THE Lake Lanao is part of the identity of the Meranaws of Lanao del Sur, but seeing the lake up close now, it was just left as something only limited to that.
The first few drafts of the Bangsamoro Basic Law (BBL) did not include the Lake Lanao in the territories of inland waters for the new entity. This garnered rage from many Meranaws because the Lake has been part of centuries of Meranaw livelihood, culture, lore, tradition, and history.
The ancient lake is imbedded in their very name. Their tribe’s name, “Meranaw,” actually means “people of the lake,” where “ranaw” means “lake.”
From our place on top of the mountain in Mindanao State University – Marawi, the lake looks majestic. Many new comers shared that at first, they thought that it was the sea.

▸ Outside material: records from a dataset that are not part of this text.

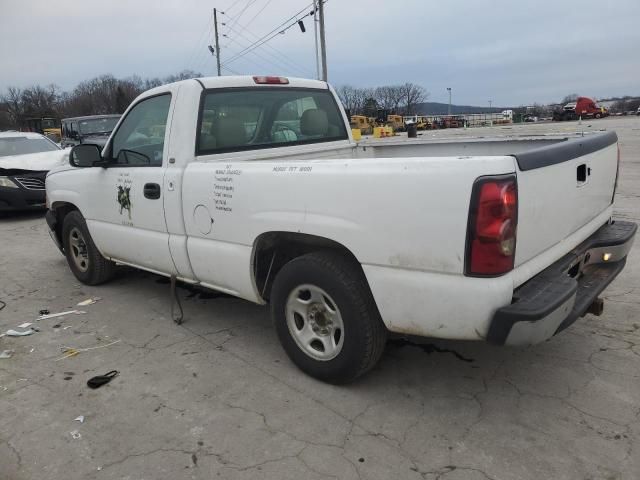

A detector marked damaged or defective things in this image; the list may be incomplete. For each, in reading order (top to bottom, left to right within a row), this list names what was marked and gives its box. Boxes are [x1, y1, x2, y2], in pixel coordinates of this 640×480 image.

cracked pavement [1, 117, 640, 480] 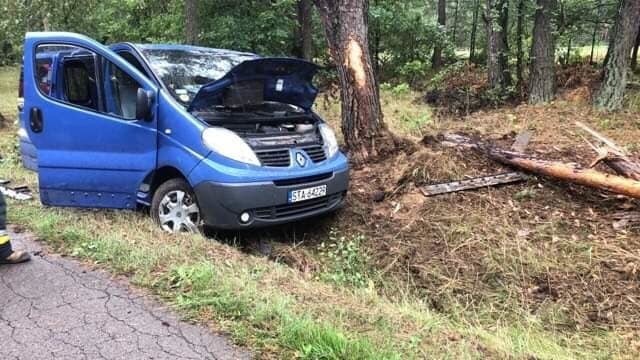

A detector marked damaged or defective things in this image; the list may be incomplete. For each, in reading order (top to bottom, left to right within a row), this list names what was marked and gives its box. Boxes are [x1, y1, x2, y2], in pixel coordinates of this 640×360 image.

damaged blue van [21, 32, 350, 232]
broken wood pieces [420, 172, 524, 197]
cracked asphalt [0, 231, 251, 360] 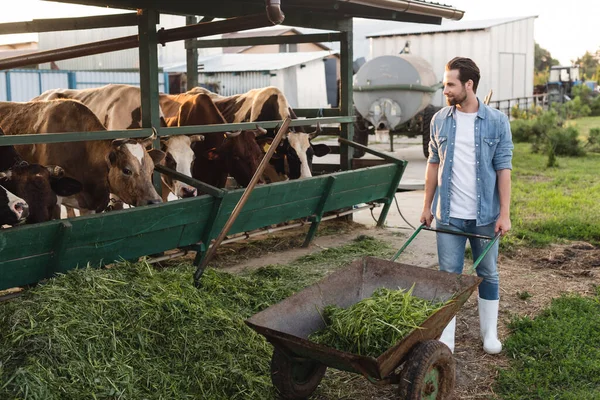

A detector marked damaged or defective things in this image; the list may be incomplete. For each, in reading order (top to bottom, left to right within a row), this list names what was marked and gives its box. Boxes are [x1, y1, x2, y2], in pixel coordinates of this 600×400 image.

rusty wheelbarrow [245, 227, 502, 398] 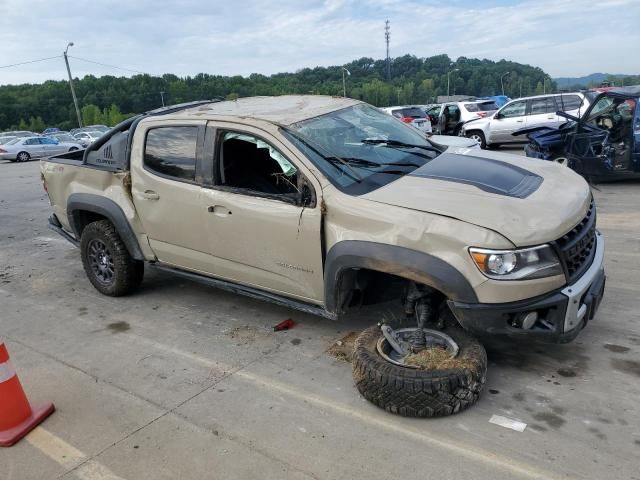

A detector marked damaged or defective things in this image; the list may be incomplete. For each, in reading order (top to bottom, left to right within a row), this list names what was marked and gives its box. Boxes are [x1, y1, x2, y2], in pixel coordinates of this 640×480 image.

Many religious rituals like ablution before praying were done in the lake that is why many mosques were built near Lake Lanao. Tales from the “Darangen,” a Meranaw epic, and other folktales, lore, and myths, also mentioned the lake several times.
As a matter of fact, the lake’s water, though teeming with bacteria such as E. Coli, is still classified as a Class A water and is still drinkable.
Most of all, a large source of Mindanao’s electricity is from this body, and is thereby a competitive source of income for the island. About 727 megawatts of electricity is produced by the Agus grid and provides 60 percent of the energy in Mindanao, as well as in the national grid.
The sight of the wide, blue lake basking under the sunlight and surrounded by green mountains would make you want to dive right in to the water.
But seeing how the Autonomous Region in Muslim Mindanao (Armm) and its people “treated” Lake Lanao in the present, it may as well be concluded that the lake is better off to belong to other regions instead.
Despite declaring the Lake as a protected watershed, many houses were built in its banks, thereby polluting it.
The lake isn’t as “pretty” up close. Before the war, when we pass through the bridge near Pumping, large water lilies teem the rivers and a lot of garbage also float with it.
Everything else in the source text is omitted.